On May 31, 2022, prominent deep learning skeptic and NYU professor emeritus Gary Marcus challenged Elon Musk to a bet on AGI by the end of 2029. His proposed bet consists of 5 AI achievements, of which he predicted no more than 2 would come to pass before 2030. This question is about Marcus' fourth prediction,
In 2029, AI will not be able to reliably construct bug-free code of more than 10,000 lines from natural language specification or by interactions with a non-expert user. [Gluing together code from existing libraries doesn’t count.]
Will an AI be able to reliably construct bug-free code of more than 10,000 lines before 2030?
This question will resolve as Yes if before January 1, 2030, there is a public and credible demonstration of an AI writing code that clearly indicates the capability to do either of the following:
(1) Given a natural language description of a complex computer program comparable to the non-research related ideas found in this list of programming projects, the AI is able to write a computer program that satisfies the description to a satisfactory degree in at least 90.0% of cases. A computer program is said to have satisfied the conditions of a natural language description if there is a consensus among Metaculus admins that the code satisfies the conditions, without any major bugs. Minor bugs, such as the code occasionally crashing, will not disqualify any AI, as these are common even for professional human programmers.
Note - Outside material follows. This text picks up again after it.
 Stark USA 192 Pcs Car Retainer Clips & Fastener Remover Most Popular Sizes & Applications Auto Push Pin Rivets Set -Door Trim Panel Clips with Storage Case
(2) The AI is able to perform (1) when given the ability to interact with a non-expert user. A non-expert user is defined as someone who credibly reports not being able to write code that satisfies the conditions of these project ideas, but who is able to operate a computer well enough to understand whether a given computer program passes the requirements to a satisfactory degree.
Importantly, as per Marcus' constraint, we will not allow the AI to simply glue together code from existing libraries. It must generate code de novo, meaning that a plagiarism detector on par with the Copyleaks code plagiarism checker would not flag the code as definitively indicating cheating in more than 5% of cases.